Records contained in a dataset
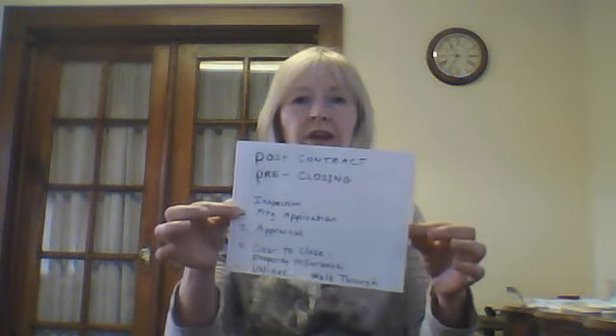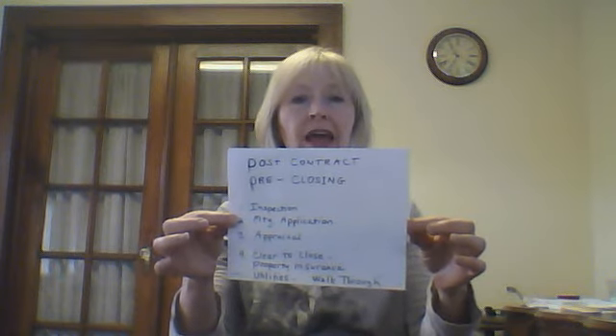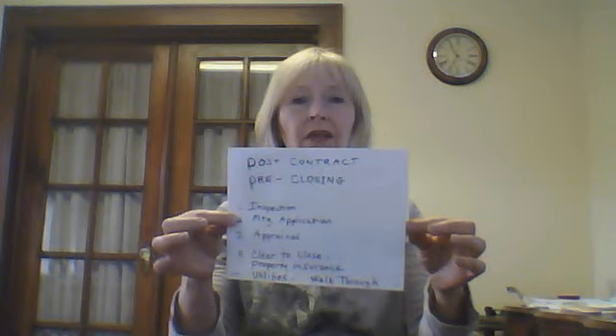If there was some item that the seller was supposed to repair, I would highly recommend bringing your inspector back to make sure that was done properly. Once you do your final walkthrough, you'll do a sign-off and then you will have your closing. That is my summary of what's going to take place between the time you sign a contract and the time you go to closing. Good luck and I'll talk to you soon. Bye bye.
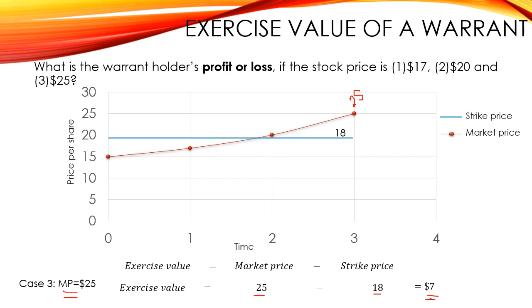So as you can see, whenever the strike price line is above the market price line, the warrant holder will not exercise because he will realize a loss. However, when the market price is above the strike price, the warrant holder will exercise and realize a profit. At the point where the market price is equal to the strike price, the investor is indifferent between exercising the warrant or not.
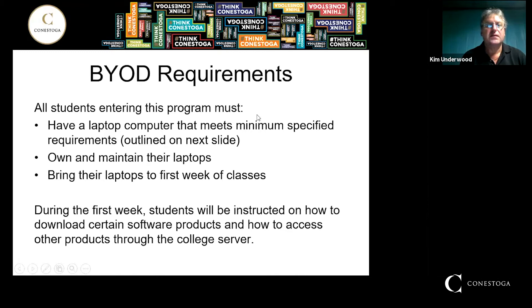Regarding bring-your-own-device: students entering this program must have a laptop computer that meets the minimum specification requirements. You'll need to own and maintain your laptop and bring it to the first week of classes. During the first week, students will be instructed on how to download certain software products and how to access other products through the college server. A lot of those are free.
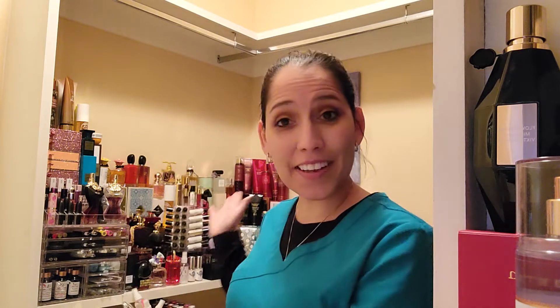Hi! Welcome back to my channel. My name is Janelle Simona and this is Scent Talk from My Closet. On this channel, we go over all things fragrance — layering combos, dupe houses, originals, clones, you name it.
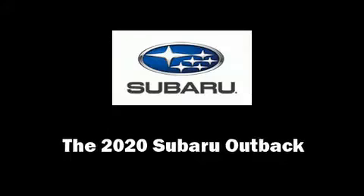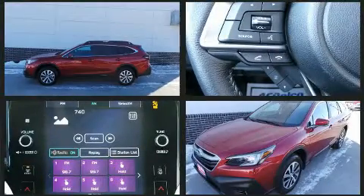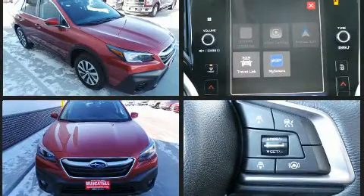Climb inside the 2020 Subaru Outback. Under the hood you'll find a four-cylinder engine with more than 170 horsepower, and for added security, dynamic stability control supplements the drivetrain.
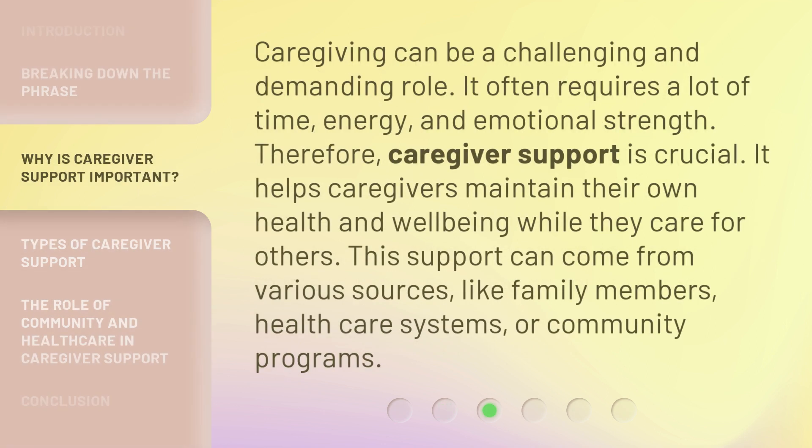Caregiving can be a challenging and demanding role. It often requires a lot of time, energy, and emotional strength. Therefore, caregiver support is crucial. It helps caregivers maintain their own health and well-being while they care for others. This support can come from various sources, like family members, health care systems, or community programs.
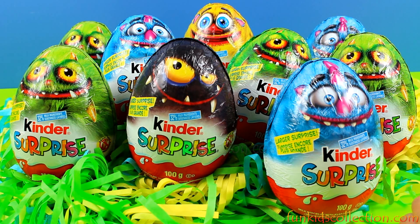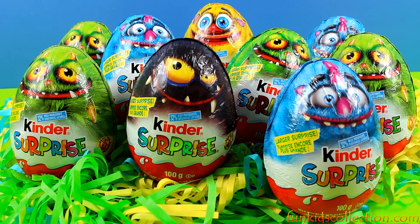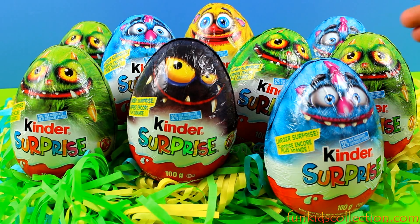Hi my little friends and welcome to FunKidsCollection.com! Today we're going to open these Halloween Kinder eggs. Let's get started! Wow, they are really huge and different colors, so let's open these Halloween Kinder Surprise eggs!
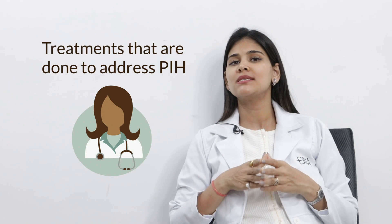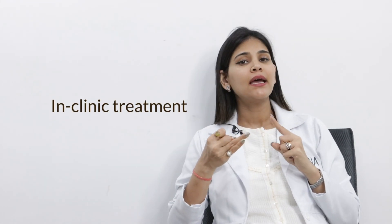The next segment covers treatments done to address PIH. PIH will need the assistance of in-clinic treatments to address it effectively, efficiently, and to give faster results. It all depends on the timeframe and how quickly you are looking for results. If you have a lot of time and are not in a rush, topical treatments alone will also help in addressing superficial PIH.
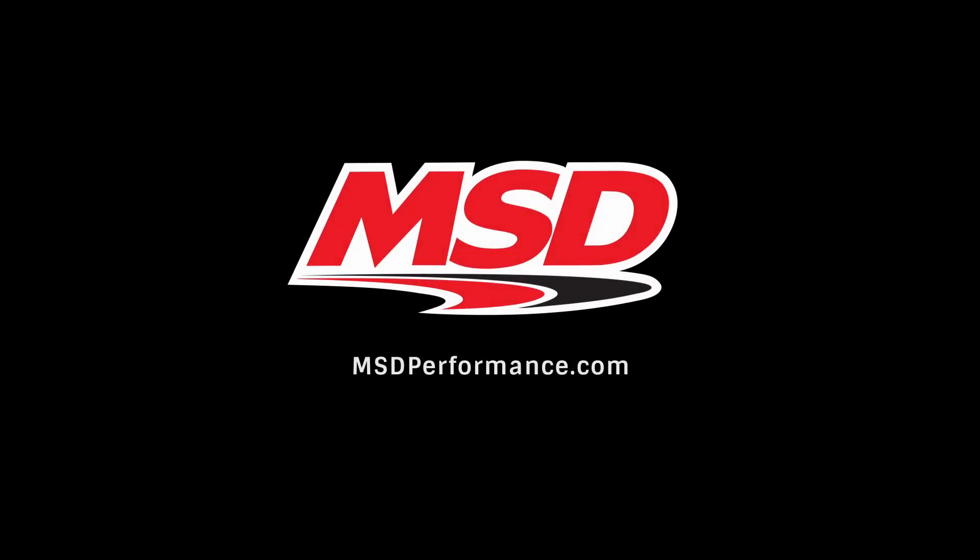If you enjoyed this video and would like to see more, visit our website at msdperformance.com.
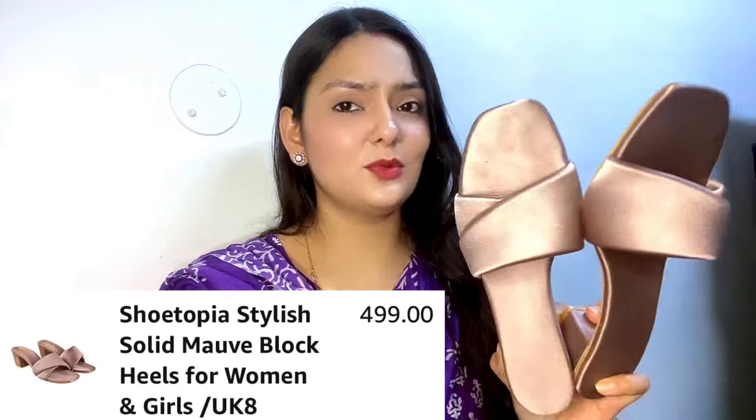Next one is heels. You can see the color — it looks golden on camera but they are actually rose gold. This is also very comfortable with a cushiony material so it won't poke you. However, I feel that it is a bit narrow from the heel area, and this is in size 7.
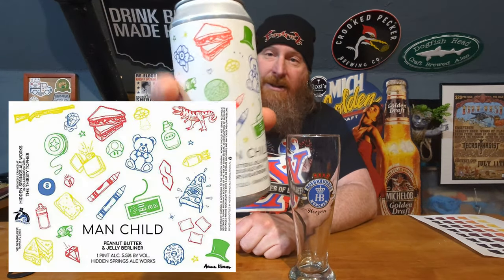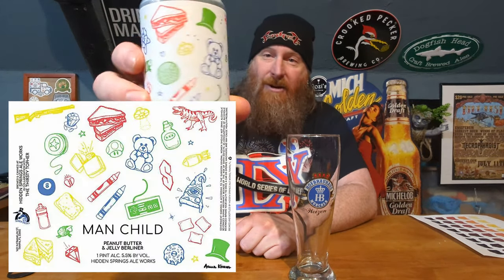It's got cool can art — a Nintendo controller, a bunch of different squiggles and doodles on it. This is from Hidden Springs Aleworks out of Tampa. It's a collaboration with the Thirsty Toffer, which is a bar in Florida — I believe they said it's in Orlando.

* _WHAT YOU NEED TO DO_:
Lines from the one above containing "Hi! Welcome back" down to the one containing "Next one is" should be transcribed exactly, with both ends kept and no pictures.

* _ANSWER TO THE EXERCISE_:
Hi! Welcome back to my channel. My name is Janelle Simona and this is Scent Talk from My Closet. On this channel, we go over all things fragrance — layering combos, dupe houses, originals, clones, you name it.
Climb inside the 2020 Subaru Outback. Under the hood you'll find a four-cylinder engine with more than 170 horsepower, and for added security, dynamic stability control supplements the drivetrain.
Caregiving can be a challenging and demanding role. It often requires a lot of time, energy, and emotional strength. Therefore, caregiver support is crucial. It helps caregivers maintain their own health and well-being while they care for others. This support can come from various sources, like family members, health care systems, or community programs.
Hi my little friends and welcome to FunKidsCollection.com! Today we're going to open these Halloween Kinder eggs. Let's get started! Wow, they are really huge and different colors, so let's open these Halloween Kinder Surprise eggs!
The next segment covers treatments done to address PIH. PIH will need the assistance of in-clinic treatments to address it effectively, efficiently, and to give faster results. It all depends on the timeframe and how quickly you are looking for results. If you have a lot of time and are not in a rush, topical treatments alone will also help in addressing superficial PIH.
If you enjoyed this video and would like to see more, visit our website at msdperformance.com.
Next one is heels. You can see the color — it looks golden on camera but they are actually rose gold. This is also very comfortable with a cushiony material so it won't poke you. However, I feel that it is a bit narrow from the heel area, and this is in size 7.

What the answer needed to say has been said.